[Opening PROVIDED RECORDS section]

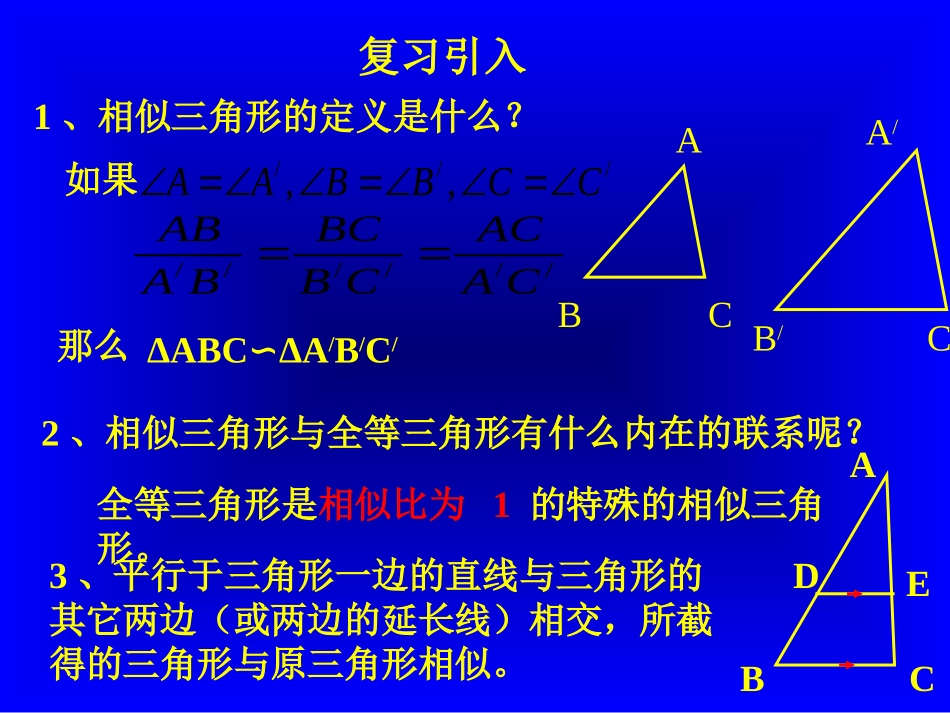 三角形相似的判定1_第2页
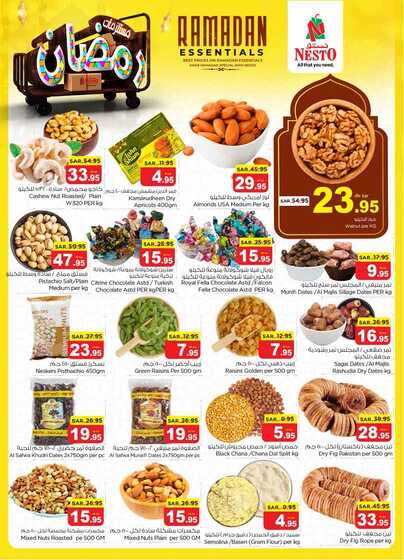 nesto offer 6123 Page 04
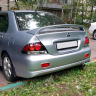 Накладка заднего бампера "2.0L" для Mitsubishi Lancer 10 (2007-2016) купить недорого с доставкой в Архангельск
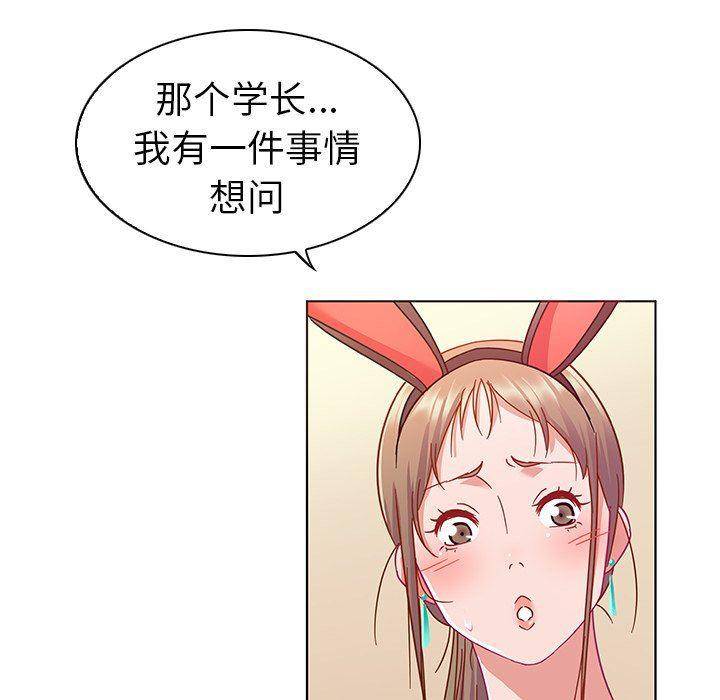 漫画集韩漫全集-第10话无删减无遮挡章节图片 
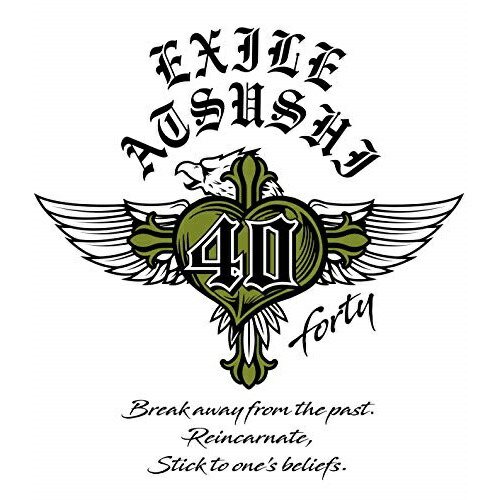 柔らかい 楽天市場 Cd 40 Forty 2cd 4blu Ray スマプラ対応 Exile Atsushi Rzcd サプライズ2 美しい Lexusoman Com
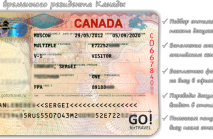 Виза для посещения Канады
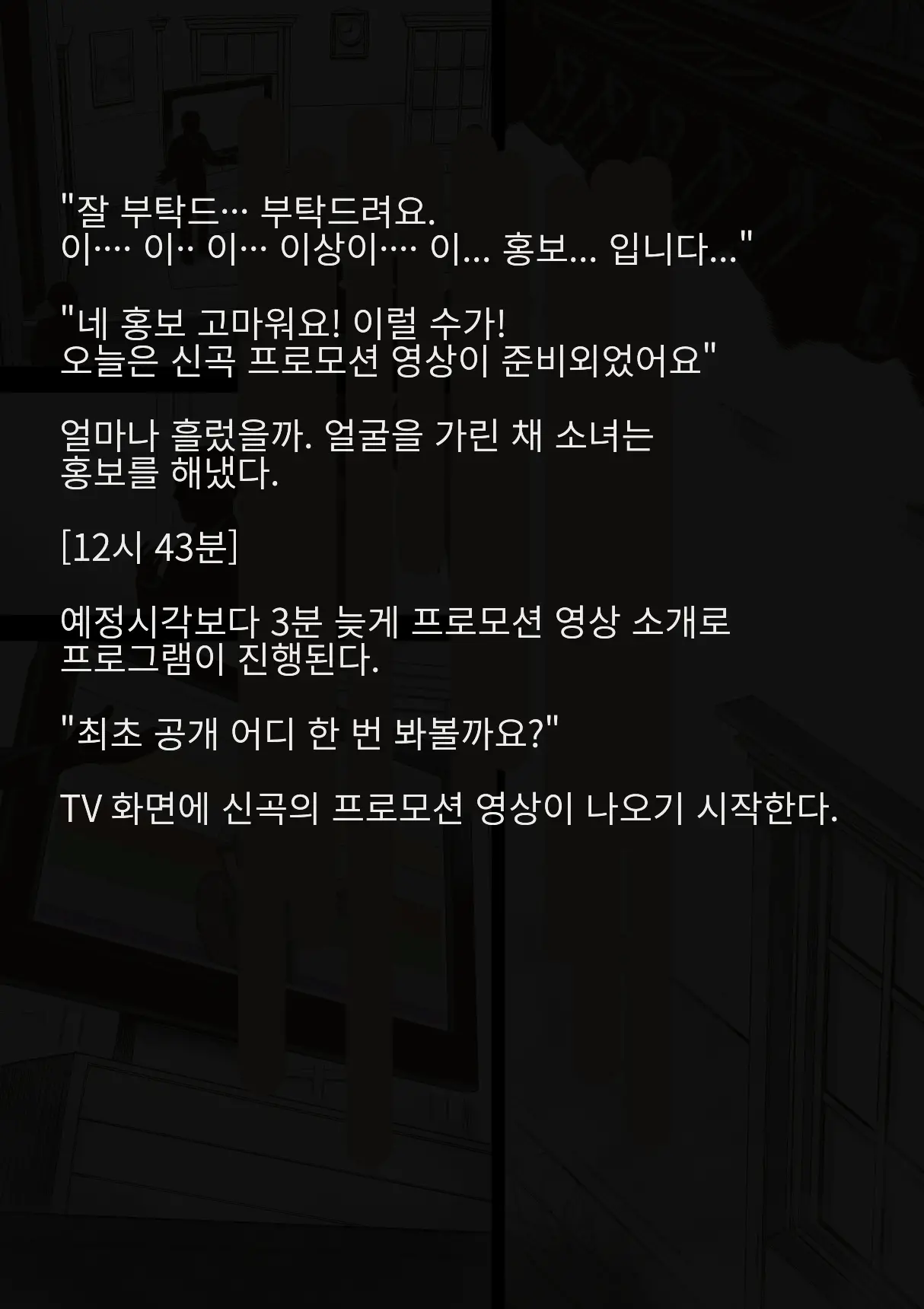 웹툰 이미지 78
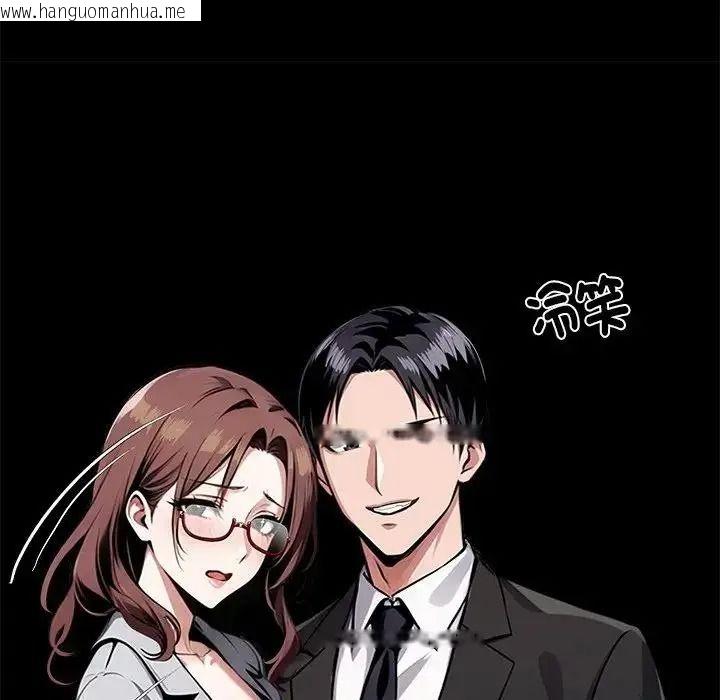 韩国漫画黑道X上班族/我身体里的那个家伙韩漫_黑道X上班族/我身体里的那个家伙-第73话在线免费阅读-韩国漫画-第85张图片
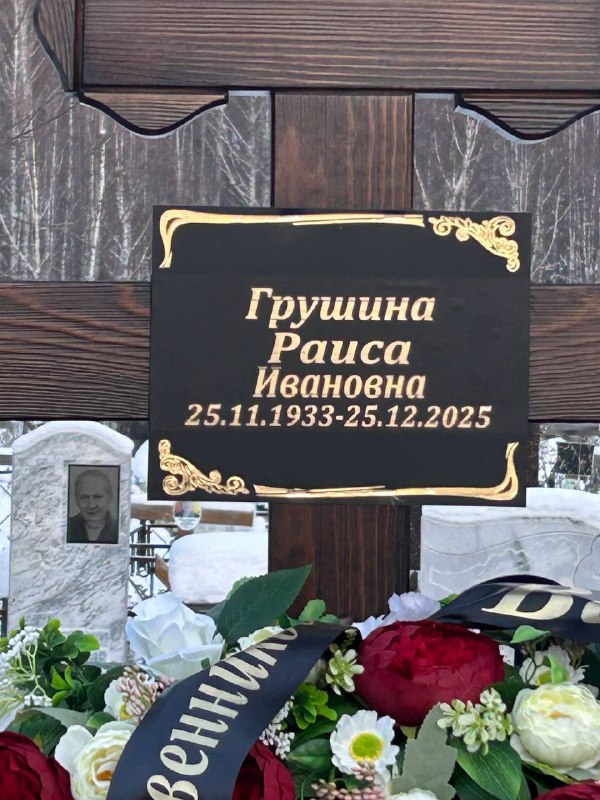 Грушина Раиса Ивановна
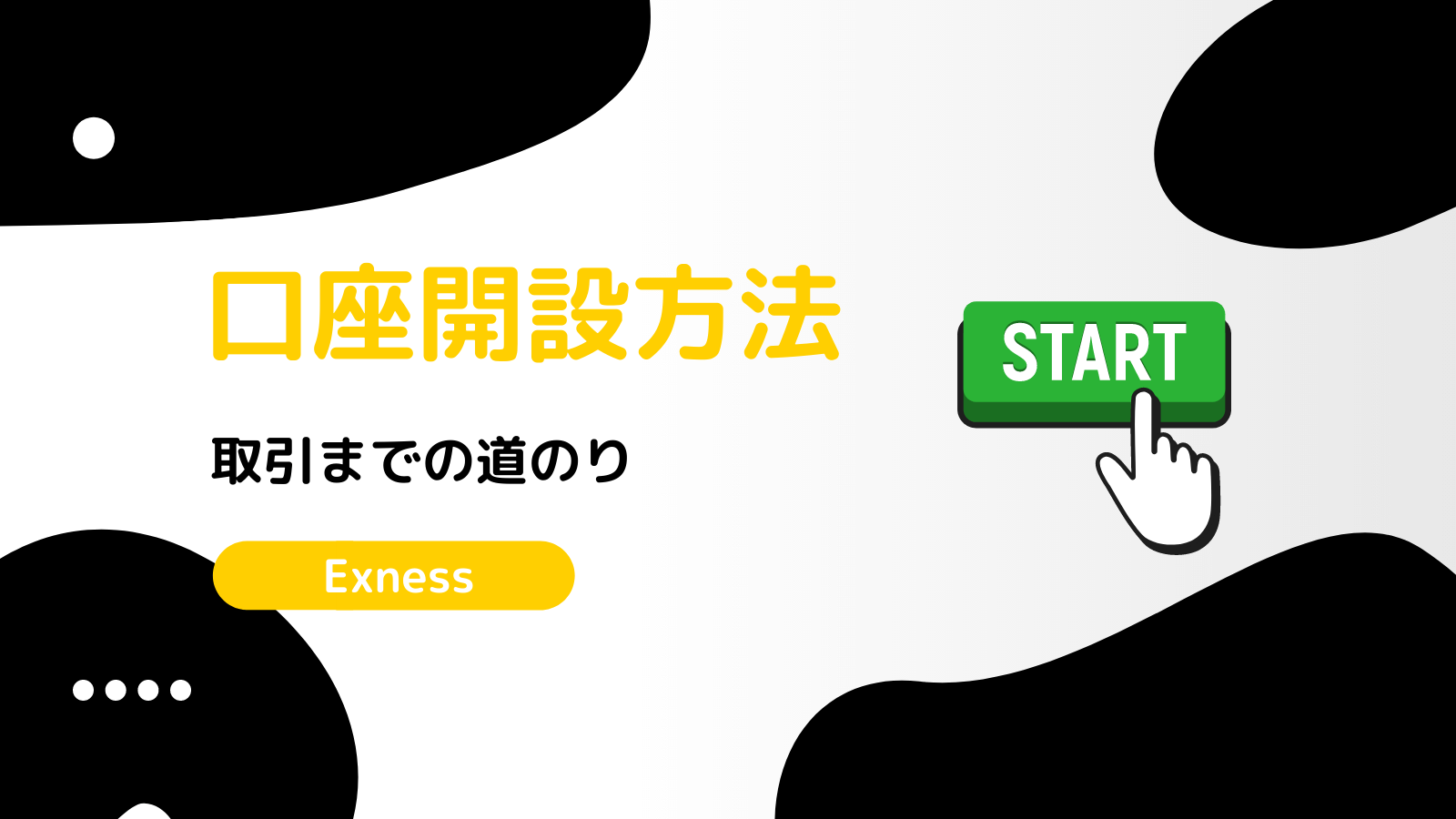 Exness 口座開設方法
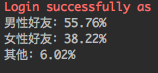 python计算男女生比例 计算男女比例程序python_python计算男女生比例
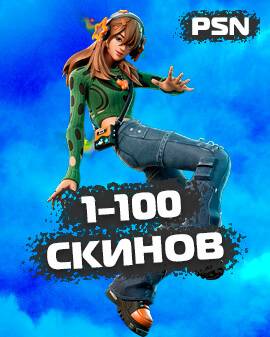 1-100 Скинов для PS4/PS5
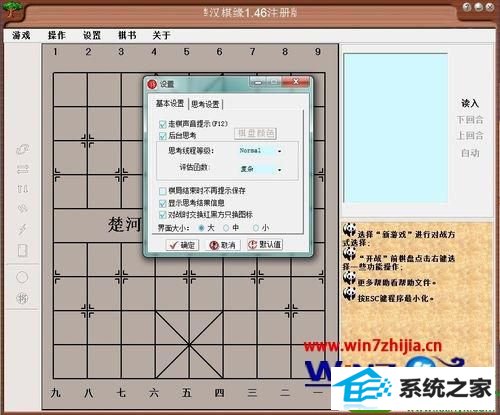 win10系统笔记本安装楚汉棋缘的操作方法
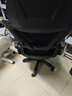 锦汐 电脑椅家用办公椅子靠背人体工学椅学习转椅老板座椅游戏电竞椅 【可后躺+乳胶】黑框黑网-焕新款 实拍图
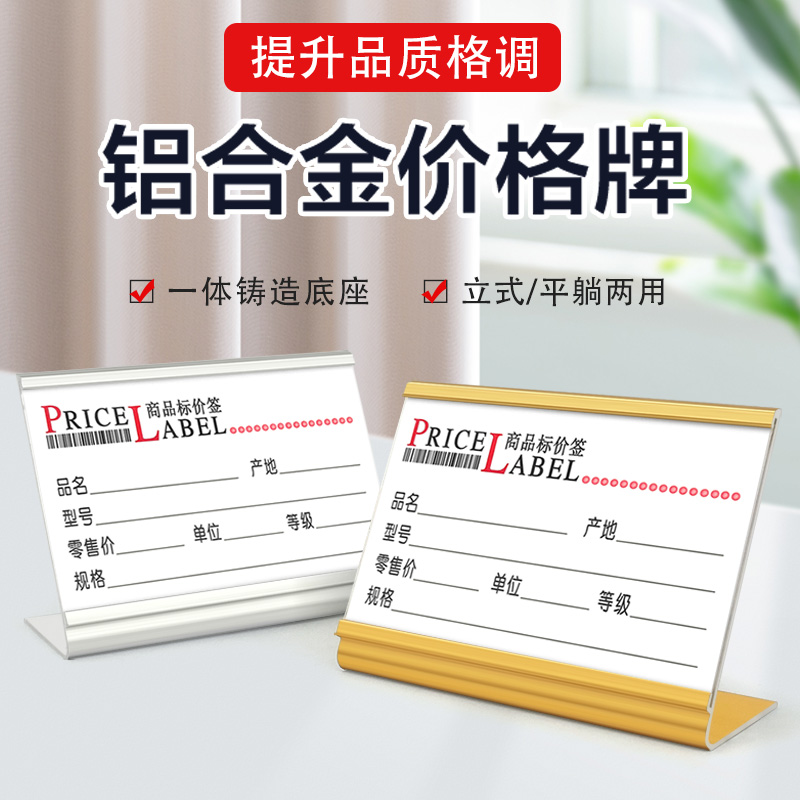 立式价格展示牌 高档价格牌 商品价钱牌眼镜价签标价标签定做高端标价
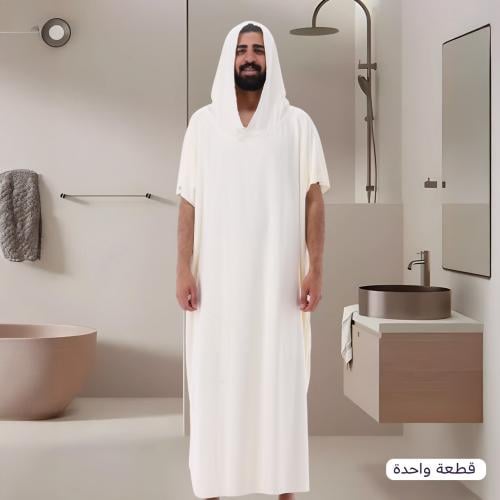 روب إستحمام - بيج فاتح - RJ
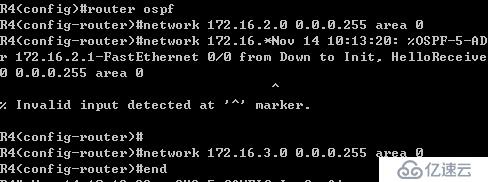 实验13 OSPF基本配置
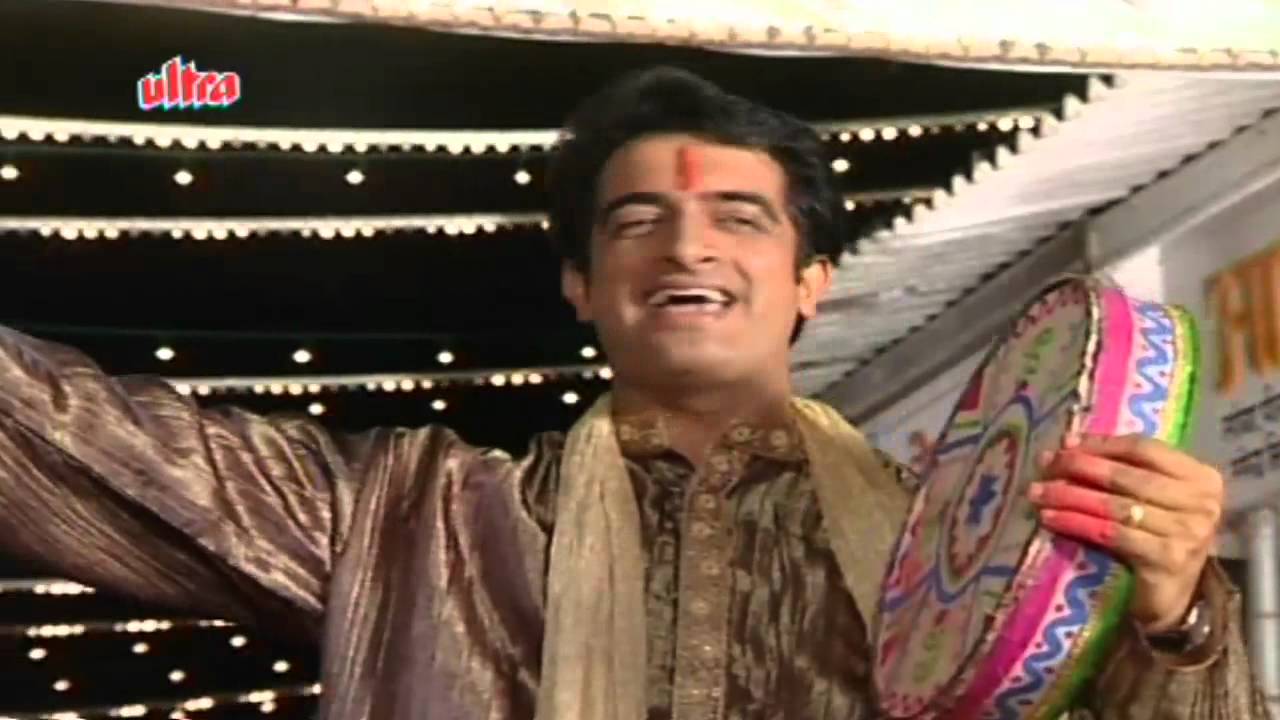 Deva Ho Deva Ganpati Deva - Lalbaugchya Rajacha Vijay Aso Song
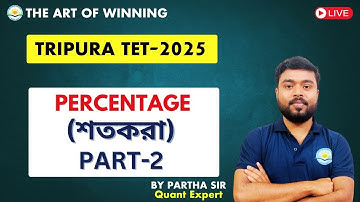 Target T-TET 2025 || PERCENTAGE ( শতকরা) || PART-2 ||  BY PARTHA SIR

[Closing PROVIDED RECORDS section]

▶ _TASK BRIEF_: Nothing but the lines from the line containing "Exness 口座開設方法" to the end of the records above should be repeated, exactly and with every picture omitted.

▶ _THE COMPLETED TASK_:
 Exness 口座開設方法
 python计算男女生比例 计算男女比例程序python_python计算男女生比例
 1-100 Скинов для PS4/PS5
 win10系统笔记本安装楚汉棋缘的操作方法
 锦汐 电脑椅家用办公椅子靠背人体工学椅学习转椅老板座椅游戏电竞椅 【可后躺+乳胶】黑框黑网-焕新款 实拍图
 立式价格展示牌 高档价格牌 商品价钱牌眼镜价签标价标签定做高端标价
 روب إستحمام - بيج فاتح - RJ
 实验13 OSPF基本配置
 Deva Ho Deva Ganpati Deva - Lalbaugchya Rajacha Vijay Aso Song
 Target T-TET 2025 || PERCENTAGE ( শতকরা) || PART-2 ||  BY PARTHA SIR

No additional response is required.